REPUBLIKA.CO.ID, SAN FRANCISCO -- Google akan menerapkan kebijakan baru dengan menghentikan cookie di browser Chrome. Cookie melacak aktivitas internet. Pelacakan di internet pengguna yang memungkinkan raksasa web itu menayangkan iklan yang dipersonalisasi.
Dilansir dari Japan Today, Senin (8/2), bulan lalu, Google meluncurkan hasil tes yang menunjukkan alternatif dari praktik pelacakan lama dengan cookie. Mereka mengklaim itu dapat meningkatkan privasi online sambil tetap memungkinkan pengiklan untuk menyajikan pesan yang relevan. Google menjelaskan sistem itu disebut Federated Learning of Cohorts (FloC).
“Pendekatan ini secara efektif menyembunyikan individu ‘dalam kerumunan’ dan menggunakan pemrosesan di perangkat untuk menjaga riwayat web seseorang tetap pribadi di browser,” kata manajer produk Google Chetna Bindra.
“Hasil menunjukkan bahwa dalam hal menghasilkan audiens berbasis minat, FloC dapat memberikan sinyal pengganti yang efektif untuk cookie pihak ketiga,” ujarnya lagi.
Google berencana untuk mulai menguji pendekatan FloC dengan pengiklan akhir tahun ini dengan browser Chrome-nya.
“Iklan penting untuk menjaga web tetap terbuka untuk semua orang, tetapi ekosistem web berisiko jika praktik privasi tidak mengikuti ekspektasi yang berubah,” kata Bindra.
Google memiliki banyak insentif untuk perubahan tersebut. Raksasa internet Amerika Serikat (AS) tersebut telah dihujani oleh kritik atas privasi pengguna dan sangat menyadari tren undang-undang yang melindungi hak data pengguna.
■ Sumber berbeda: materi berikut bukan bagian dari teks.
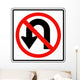 No U Turns Symbol Wall Decal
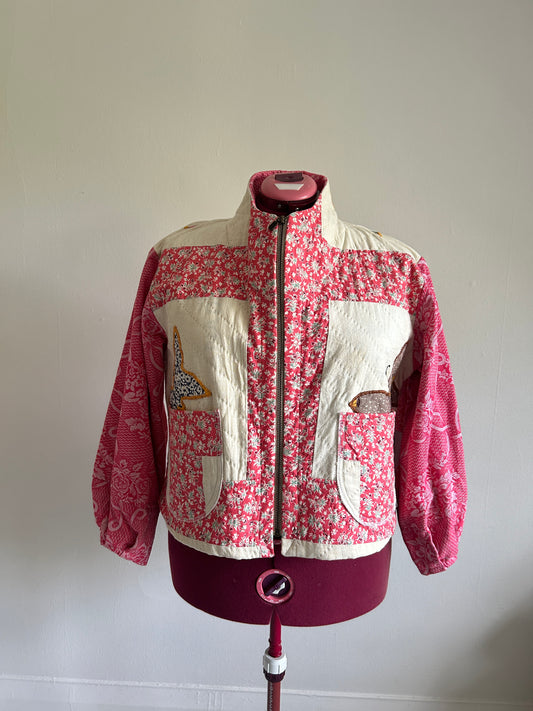 Billie Zip Up Jacket with Upcycled Vintage Butterfly Quilt Size XL/2X #BILLX2XCR1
Ketakutan yang meningkat terhadap pelacakan cookie telah mendorong dukungan untuk undang-undang hak internet, seperti General Data Protection Regulation (GDPR) di Eropa. Hal itu membuat Google menemukan cara untuk menargetkan iklan secara efektif tanpa mengetahui terlalu banyak tentang setiap orang.
Beberapa jenis cookie-yang merupakan file teks yang disimpan saat pengguna mengunjungi situs web-merupakan kemudahan untuk masuk dan menjelajahi situs yang sering dikunjungi.
Namun, jenis cookie lainnya dianggap berbahaya. Menurut staf teknologi Electronic Frontier Foundation Bennet Cyphers, cookie pihak ketiga adalah mimpi buruk privasi.
“Anda tidak perlu tahu apa yang pernah dilakukan semua orang hanya untuk menayangkan iklan pada mereka,” ujar Cyphers.
Ia beralasan bahwa periklanan berdasarkan konteks bisa efektif. Contohnya adalah seseorang yang melihat resep di situs web memasak yang melihat iklan peralatan masak atau toko bahan makanan.
Browser Safari dan Firefox telah menghapus cookie pihak ketiga. Namun, cookie pihak ketiga mereka masih digunakan di browser paling populer di dunia Chrome. Chrome menyumbang 63 persen dari pasar browser global tahun lalu, menurut StatCounter.
“Ini merupakan kewajiban hukum dan persaingan bagi Google untuk tetap menggunakan cookie pihak ketiga, tetapi mereka ingin bisnis iklan mereka terus berjalan,” kata Cyphers.